Umberto Lenzi, 1974
Starring: Robert Hoffmann, Suzy Kendall, Ivan Rassimov
Christian finds a woman’s body on the beach, but she turns out to be alive. He sees her again soon after and learns her name is Barbara. They begin a relationship, though it is fraught with troubles. A man breaks in to Barbara’s hotel room and Christian fights him off, accidentally killing him, and then the body disappears. They hide out at Christian’s friends’ artsy beachside home, which happens to already be inhabited by renters: an old man and his younger girlfriend. The couple claim they want to help Christian uncover the truth, but all is not as it seems.
Spasmo is by far one of Lenzi’s strangest thrillers and there’s nothing else quite like it. This is certainly a film rife with plot holes and confusing twists, but if you like utterly bizarre films – or are familiar enough with Eurotrash that you don’t demand a lot of rationality from the plot – it’s well worth hanging on for the ride. There is little gore or violence and things don’t really get going until the third half of the film, but once they do, there is quite a descent into madness and murder… and mannequins. If you hate movies with mannequins, this is not the movie for you.
I think it was only inevitable that pediophobia – the fear of dolls – and automatonophobia – the fear of humanoid figures – have played a fairly significant role in the horror genre over the years. Freud’s concept of the uncanny, the strangely familiar that both repulses and attracts, can be found everywhere from the monster that appears in human guise (Dracula, The Wolf-Man) to the double (The Student of Prague), the dead brought back to life (Frankenstein), recreations of the human form (Der Golem), and many, many more. Mannequins began to trickle into horror through the ‘30s and ‘40s, growing in popularity: for example, House of Wax (1953), The Twilight Zone episode that terrified me as a child, “The After Hours” (1960), Mario Bava’s Blood and Black Lace (1964), his later Hatchet for the Honeymoon (1970), and the totally wacko American film Tourist Trap (1979), to name just a few.
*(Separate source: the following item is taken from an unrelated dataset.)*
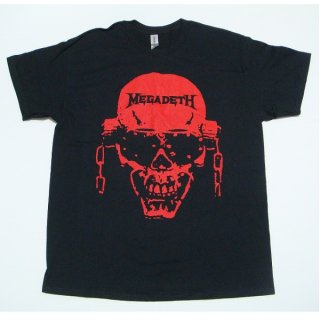 MEGADETH Vic Hi-Contrast Red, Tシャツ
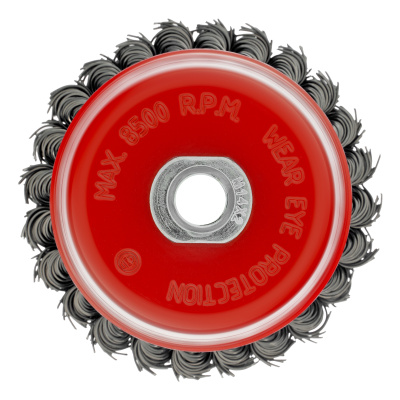 Щетка для УШМ, 100 мм, М14, "чашка", крученая проволока 0.8 мм Matrix по ценам производителя в Екатеринбурге с доставкой по всей России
Mannequins are used particularly effectively in Spasmo and rest at the heart of the film’s mystery, because you have no idea what the devil they mean until the last five minutes of the film. There are mannequins on the beach, mannequins hanging from trees, punctured by knives, bloodied, scantily clad, and so much more – plus an array of taxidermied animals. The mannequins are an obvious stand-in for female corpses and it soon becomes clear that this is not a story of Christian running from a missing body, but that a maniacal murderer is loose. Lenzi relies solely on the unpredictable and atmospheric, so it’s difficult to discuss the film without giving away its twist ending.
Characters appear and disappear, seemingly at will, and Christian’s girlfriend Barbara (played by adorable giallo regular Suzy Kendall of Bird with the Crystal Plumage and Torso) can’t corroborate his story. Kendall, whose best performances rely on her wide-eyed beauty, is at a loss here as a character who is supposed to seem ambiguous – at some times innocently in love with Christian and at other times as a potentially dangerous femme fatale – and it’s unclear if the weakness stems from the script or Kendall’s performance. It is Barbara’s introduction to the story – as a body washed up on the beach – that launches Christian into a world of paranoia, madness, and murder. Unfortunately, Kendall’s expressions range from confused to carefree, dampening what could have been an interesting role.
Austrian actor Robert Hoffmann (from Massimo Dallamano’s A Black Veil for Lisa and another cult film set on a beach, The Lonely Violent Beach, one of the few directed by giallo scribe Ernesto Gastaldi) is able to hold his own here, with no help from the script, and makes the best of the “wrong man” scenario he is placed in. Despite some hilarious moments – such as an early scene where he lets Barbara convince him to shave off his beard – he’s able to elicit the necessary sympathy. His brother is played by one of my favorite giallo actors, the sinister-looking Ivan Rassimov (All the Colors of the Dark, A White Dress for Mariale), though he isn’t given nearly enough screen time, but fittingly has the last laugh.
Despite its flaws, Spasmo is an unusual psychological thriller worth checking out, thanks to the nonsensical, go-for-broke plot, mannequins akimbo, stunning shots of the Tuscan coast, and a solid score (as always) from Ennio Morricone. Somewhat like Lenzi’s previous film, Knife of Ice, this has a touch of Gothic style and makes the absolute most of the amazing landscape, shot by Guglielmo Mancori, a veteran of spaghetti westerns, Eurocrime, Lenzi’s earlier So Sweet… So Perverse, and more (including one of my favorites, Wild Beasts). Amazingly, Spasmo has made it to DVD thanks to Shriek Show and it is, at the least, worth a rental.